Return verbatim the portion of the material below that starts at the line containing "Pomeranian Dog Mug MUG48052" and ends at its last line.

*** Provided data ***

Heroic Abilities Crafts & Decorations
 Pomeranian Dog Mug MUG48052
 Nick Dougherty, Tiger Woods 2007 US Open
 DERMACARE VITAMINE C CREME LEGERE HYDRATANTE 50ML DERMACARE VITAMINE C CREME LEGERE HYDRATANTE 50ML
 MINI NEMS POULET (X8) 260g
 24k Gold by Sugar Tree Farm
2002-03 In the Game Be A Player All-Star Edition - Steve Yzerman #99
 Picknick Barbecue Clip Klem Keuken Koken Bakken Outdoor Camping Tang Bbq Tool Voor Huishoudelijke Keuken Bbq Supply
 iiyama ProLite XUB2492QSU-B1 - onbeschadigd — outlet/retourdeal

*** End of Provided data ***

■ **Answer**:
 Pomeranian Dog Mug MUG48052
 Nick Dougherty, Tiger Woods 2007 US Open
 DERMACARE VITAMINE C CREME LEGERE HYDRATANTE 50ML DERMACARE VITAMINE C CREME LEGERE HYDRATANTE 50ML
 MINI NEMS POULET (X8) 260g
 24k Gold by Sugar Tree Farm
2002-03 In the Game Be A Player All-Star Edition - Steve Yzerman #99
 Picknick Barbecue Clip Klem Keuken Koken Bakken Outdoor Camping Tang Bbq Tool Voor Huishoudelijke Keuken Bbq Supply
 iiyama ProLite XUB2492QSU-B1 - onbeschadigd — outlet/retourdeal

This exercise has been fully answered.